Instructions to follow »
Output, exactly and in full, only the lines from the one containing "Sakarya’da lastik deposu yanıyor" to the last line of the data. Pictures should not appear.

Input data »
*** Block opens ***

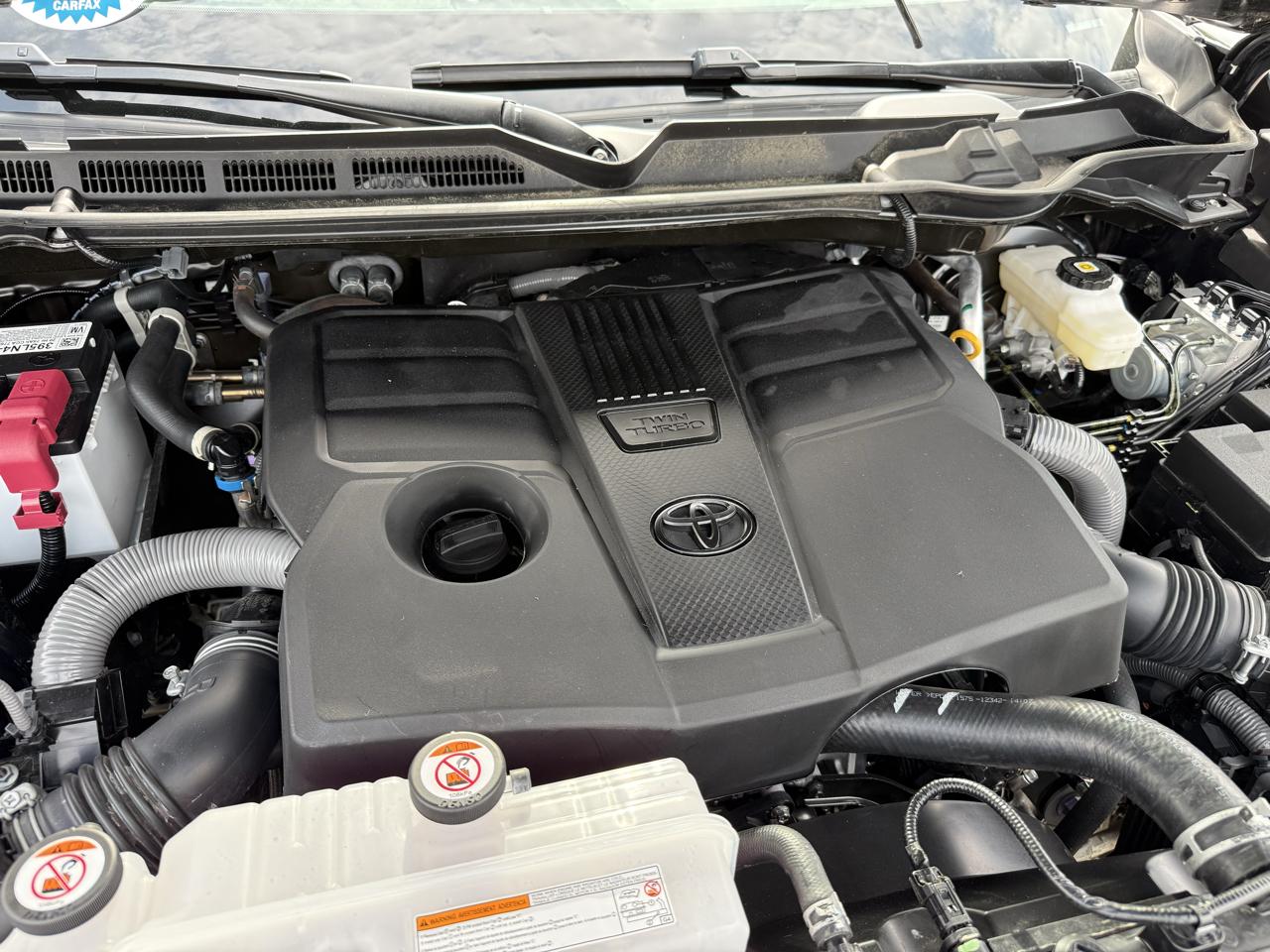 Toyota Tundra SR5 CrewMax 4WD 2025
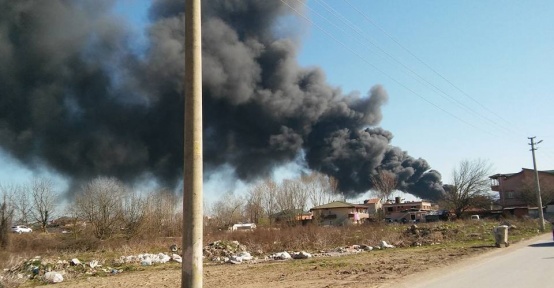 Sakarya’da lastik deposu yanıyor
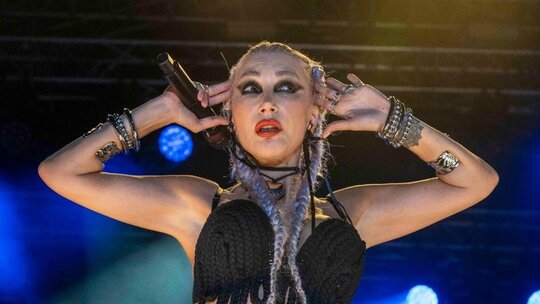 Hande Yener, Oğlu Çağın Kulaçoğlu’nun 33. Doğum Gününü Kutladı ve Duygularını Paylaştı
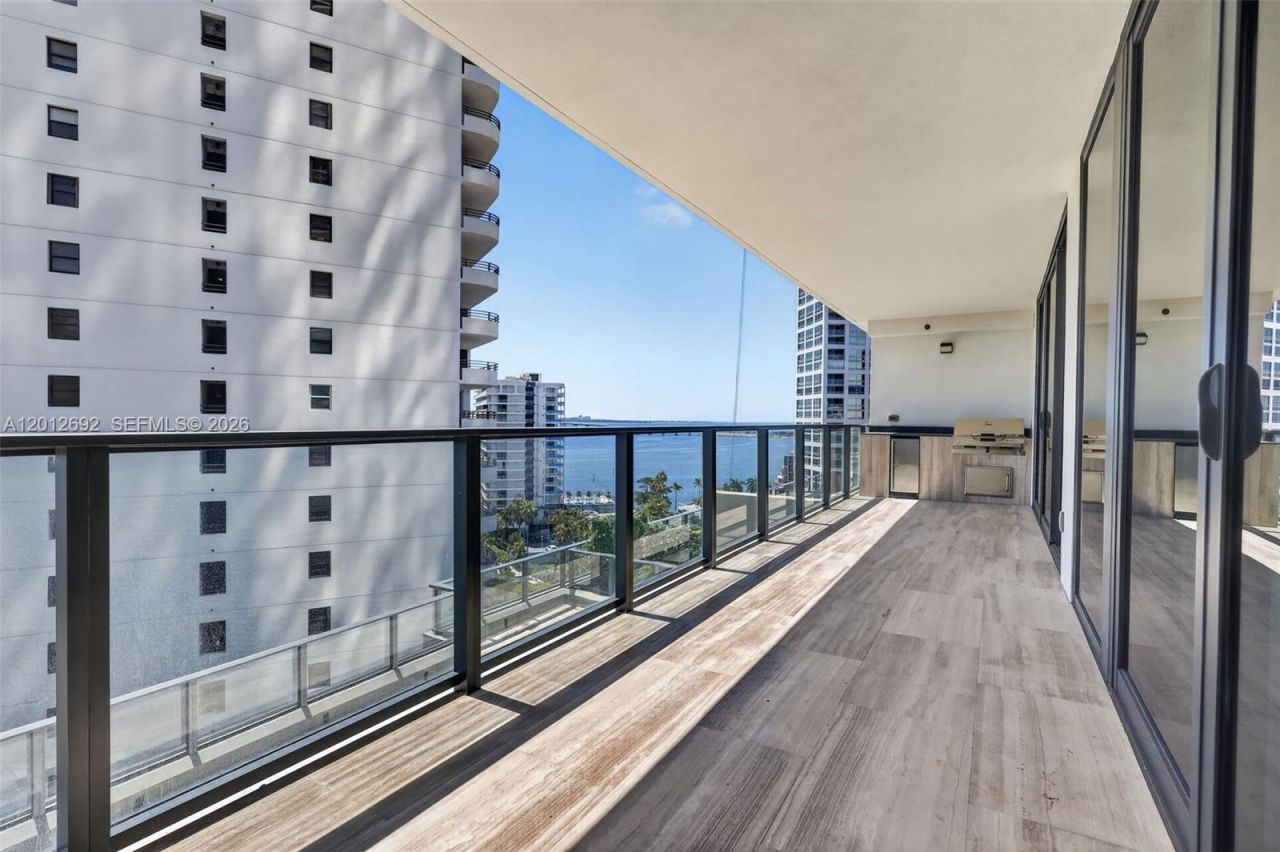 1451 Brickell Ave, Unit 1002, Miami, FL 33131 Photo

*** Block closes ***

Problem solution »
 Sakarya’da lastik deposu yanıyor
 Hande Yener, Oğlu Çağın Kulaçoğlu’nun 33. Doğum Gününü Kutladı ve Duygularını Paylaştı
 1451 Brickell Ave, Unit 1002, Miami, FL 33131 Photo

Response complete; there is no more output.